Cashew Data Foundation

The data layer that makes Lattice a foundational SDK. Merkle dictionaries, arrays, and sets that are verifiable, diffable, lazily loadable, selectively encryptable, and provable — the primitives for both web3 state and verifiable data applications.

.package(url: "https://github.com/pumperknickle/cashew.git", from: "1.0.0")

Why Cashew matters

Cashew is the foundational data layer of Lattice. Every piece of state in the system — account balances, application state, transaction histories — is a Cashew Merkle structure. This means all state is inherently content-addressed (tamper-evident), lazily loadable (only fetch what you need), and diffable (compute exact changesets between versions). Acorn stores the raw bytes; Cashew gives those bytes structure and meaning.

Node Protocol

The base protocol for all Merkle structures. A node is a tree of content-addressed children.

public protocol Node: Codable, LosslessStringConvertible, Sendable {
    func get(property: PathSegment) -> (any Header)?
    func properties() -> Set<PathSegment>
    func set(properties: [PathSegment: any Header]) -> Self
}

You implement three methods. The protocol extension provides everything else:

Provided Method	Description
`resolve(paths:fetcher:)`	Lazily load specific paths from storage
`storeRecursively(storer:)`	Persist entire subtree to storage
`transform(transforms:)`	Apply batched mutations
`proof(paths:fetcher:)`	Generate sparse Merkle proofs
`encrypt(encryption:)`	Selectively encrypt subtrees
`diff(from:)`	Compute structural diff against another version

Scalar Protocol

Leaf nodes with no children. Provides no-op defaults for all tree-walking methods:

public protocol Scalar: Node { }

String values in dictionaries and sets are scalars.

A Header is a content-addressed reference to a Node. It holds a CID (SHA-256 hash) and optionally the deserialized node. Headers that haven't been loaded yet have node == nil — this is the basis of lazy loading.

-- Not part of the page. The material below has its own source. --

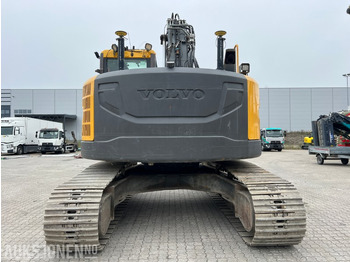 Excavadora 2014 Volvo EC235 DL , Engcon tilt, 2 skuffer, sentralsmøring, dieselvarmer: foto 4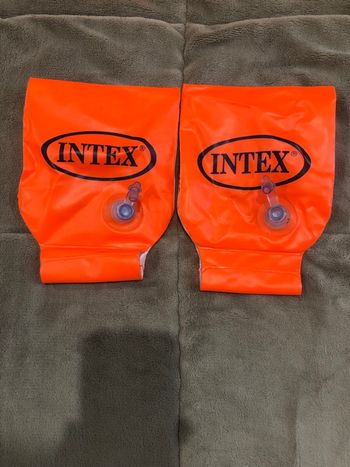 Brassards enfant Intex  neufs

public protocol Header: Codable, LosslessStringConvertible, Sendable {
    associatedtype NodeType: Node

    var rawCID: String { get }
    var node: NodeType? { get }
    var encryptionInfo: EncryptionInfo? { get }
}

Creating Headers

// From a node (CID computed automatically)
let header = HeaderImpl(node: myNode)
print(header.rawCID) // SHA-256 of serialized node

// Lazy reference (CID only, node not loaded)
let lazy = HeaderImpl<MyNode>(rawCID: "bafy...")
lazy.node // nil — must resolve to load

// Encrypted header
let encrypted = HeaderImpl(node: myNode, key: symmetricKey)

Resolving (Loading)

// Load this header's node from storage
let resolved = try await header.resolve(fetcher: myFetcher)
resolved.node // now loaded

// Load entire subtree recursively
let full = try await header.resolveRecursive(fetcher: myFetcher)

CID Format

CIDs follow the IPFS CIDv1 specification: multibase + multicodec + multihash. The hash function is SHA2-256. Encrypted headers serialize as "enc:keyHash:iv:cid".

MerkleDictionary

A key-value map backed by a compressed radix trie. Every mutation produces a new root with a new CID — previous versions remain valid and reachable.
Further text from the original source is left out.